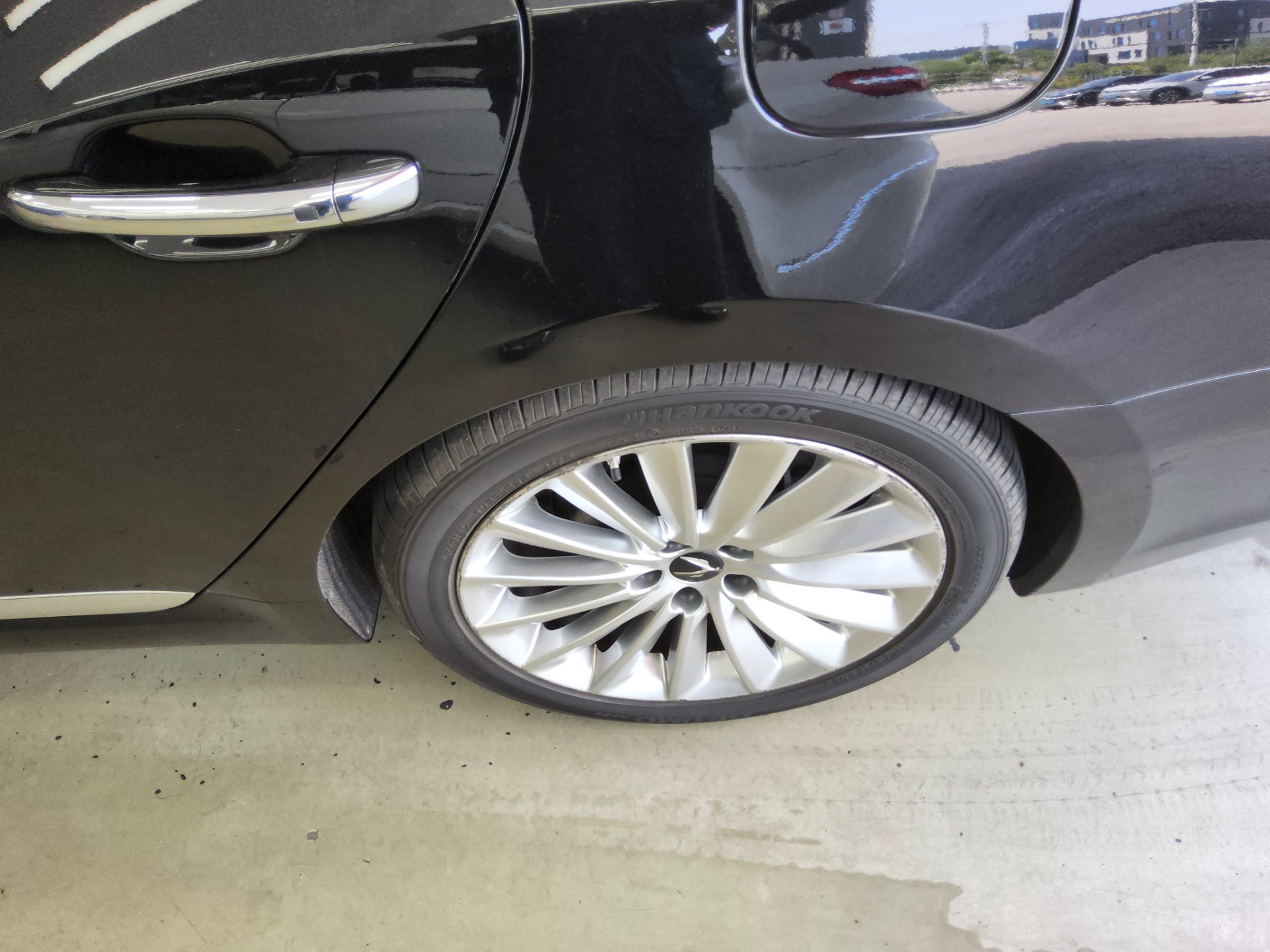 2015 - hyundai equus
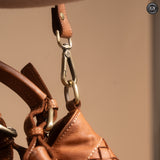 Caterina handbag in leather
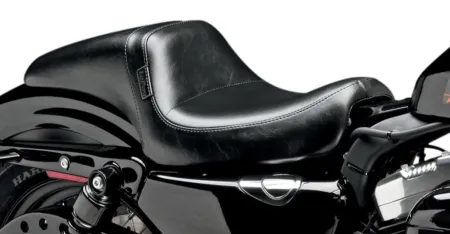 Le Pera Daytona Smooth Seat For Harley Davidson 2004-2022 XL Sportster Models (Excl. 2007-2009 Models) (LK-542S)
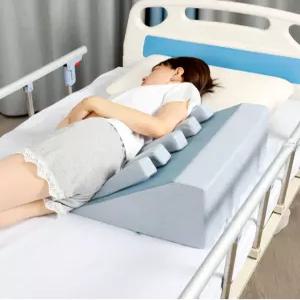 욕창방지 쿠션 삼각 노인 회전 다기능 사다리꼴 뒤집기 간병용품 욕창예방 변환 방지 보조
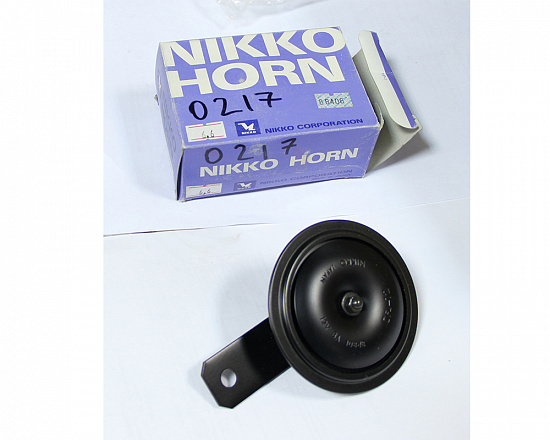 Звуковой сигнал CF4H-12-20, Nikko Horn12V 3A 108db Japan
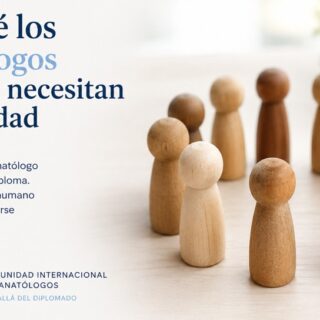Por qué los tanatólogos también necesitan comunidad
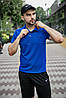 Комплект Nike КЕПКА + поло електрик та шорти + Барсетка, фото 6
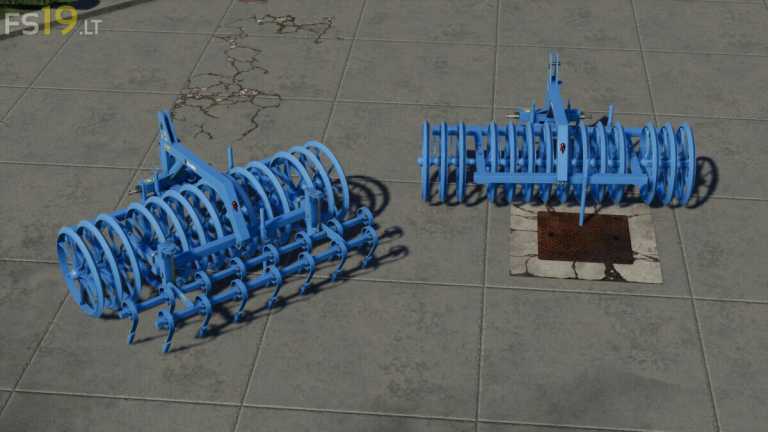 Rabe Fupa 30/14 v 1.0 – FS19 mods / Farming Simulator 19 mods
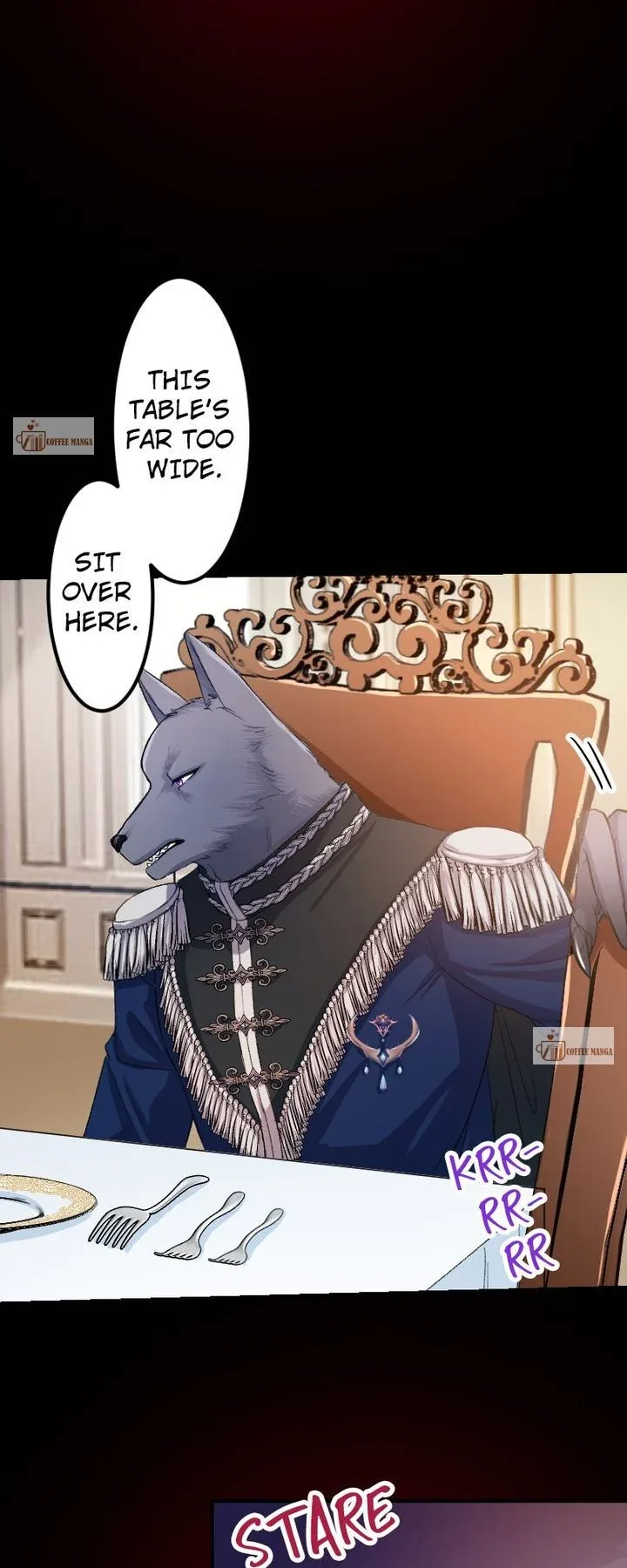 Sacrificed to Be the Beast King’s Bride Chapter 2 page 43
____________
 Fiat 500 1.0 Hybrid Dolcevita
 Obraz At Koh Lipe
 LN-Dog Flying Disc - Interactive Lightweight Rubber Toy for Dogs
____________
> _Exercise requirements_
Go down the entries above from the line containing "2015 - hyundai equus" to the line containing "Sacrificed to Be" and write out each line exactly, leaving pictures out.

> _Your solution_
 2015 - hyundai equus
 Caterina handbag in leather
 Le Pera Daytona Smooth Seat For Harley Davidson 2004-2022 XL Sportster Models (Excl. 2007-2009 Models) (LK-542S)
 욕창방지 쿠션 삼각 노인 회전 다기능 사다리꼴 뒤집기 간병용품 욕창예방 변환 방지 보조
 Звуковой сигнал CF4H-12-20, Nikko Horn12V 3A 108db Japan
Por qué los tanatólogos también necesitan comunidad
 Комплект Nike КЕПКА + поло електрик та шорти + Барсетка, фото 6
 Rabe Fupa 30/14 v 1.0 – FS19 mods / Farming Simulator 19 mods
 Sacrificed to Be the Beast King’s Bride Chapter 2 page 43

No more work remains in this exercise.